(Records contained in a dataset)

+++

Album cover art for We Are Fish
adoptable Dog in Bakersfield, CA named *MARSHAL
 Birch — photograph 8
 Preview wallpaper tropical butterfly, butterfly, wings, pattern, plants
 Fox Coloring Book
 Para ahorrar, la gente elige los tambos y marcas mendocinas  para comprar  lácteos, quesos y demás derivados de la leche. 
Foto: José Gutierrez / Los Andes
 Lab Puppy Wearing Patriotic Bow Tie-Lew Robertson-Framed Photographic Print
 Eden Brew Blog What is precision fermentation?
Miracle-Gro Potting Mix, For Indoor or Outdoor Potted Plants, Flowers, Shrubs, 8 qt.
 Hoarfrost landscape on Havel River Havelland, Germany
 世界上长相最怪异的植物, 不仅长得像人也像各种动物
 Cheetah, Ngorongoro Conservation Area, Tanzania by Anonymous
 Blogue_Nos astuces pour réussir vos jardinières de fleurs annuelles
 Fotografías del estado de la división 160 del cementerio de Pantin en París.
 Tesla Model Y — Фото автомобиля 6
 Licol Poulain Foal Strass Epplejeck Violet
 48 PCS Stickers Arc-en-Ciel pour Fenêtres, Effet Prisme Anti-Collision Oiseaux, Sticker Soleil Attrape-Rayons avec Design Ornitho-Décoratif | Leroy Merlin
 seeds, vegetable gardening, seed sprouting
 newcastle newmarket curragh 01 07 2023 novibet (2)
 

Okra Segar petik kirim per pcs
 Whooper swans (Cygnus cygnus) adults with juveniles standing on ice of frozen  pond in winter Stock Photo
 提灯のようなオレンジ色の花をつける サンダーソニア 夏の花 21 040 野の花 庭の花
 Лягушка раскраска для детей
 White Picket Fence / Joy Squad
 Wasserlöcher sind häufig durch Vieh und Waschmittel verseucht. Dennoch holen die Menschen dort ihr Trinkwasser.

+++

## Exercise description
Find the string "pour" in the entries above. Copy each line where it occurs.

## Result of the exercise
 Blogue_Nos astuces pour réussir vos jardinières de fleurs annuelles
 48 PCS Stickers Arc-en-Ciel pour Fenêtres, Effet Prisme Anti-Collision Oiseaux, Sticker Soleil Attrape-Rayons avec Design Ornitho-Décoratif | Leroy Merlin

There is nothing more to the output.